▶ **EXERCISE OBJECTIVE**: Reply with one number: the count of lines in the data that hold the string "Avenue".

Stored data:

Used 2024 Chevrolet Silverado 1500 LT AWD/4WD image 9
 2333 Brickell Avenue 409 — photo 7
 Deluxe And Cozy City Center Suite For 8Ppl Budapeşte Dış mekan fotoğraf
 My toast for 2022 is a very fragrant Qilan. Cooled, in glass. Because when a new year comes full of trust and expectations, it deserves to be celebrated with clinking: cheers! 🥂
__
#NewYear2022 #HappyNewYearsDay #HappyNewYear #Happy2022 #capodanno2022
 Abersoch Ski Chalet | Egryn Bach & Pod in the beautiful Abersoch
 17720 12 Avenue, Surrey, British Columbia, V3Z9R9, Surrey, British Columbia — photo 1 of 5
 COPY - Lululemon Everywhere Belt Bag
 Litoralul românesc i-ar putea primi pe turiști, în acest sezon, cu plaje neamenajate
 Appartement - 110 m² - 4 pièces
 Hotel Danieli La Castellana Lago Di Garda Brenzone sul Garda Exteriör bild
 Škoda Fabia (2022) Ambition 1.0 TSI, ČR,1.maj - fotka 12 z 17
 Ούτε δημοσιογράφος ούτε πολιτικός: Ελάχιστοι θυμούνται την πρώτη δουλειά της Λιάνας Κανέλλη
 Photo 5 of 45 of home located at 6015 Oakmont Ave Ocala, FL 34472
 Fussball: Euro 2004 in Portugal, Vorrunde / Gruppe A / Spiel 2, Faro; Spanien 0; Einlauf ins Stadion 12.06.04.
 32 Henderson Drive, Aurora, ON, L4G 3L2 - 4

▶ **ANSWER FOR THE TASK**: 2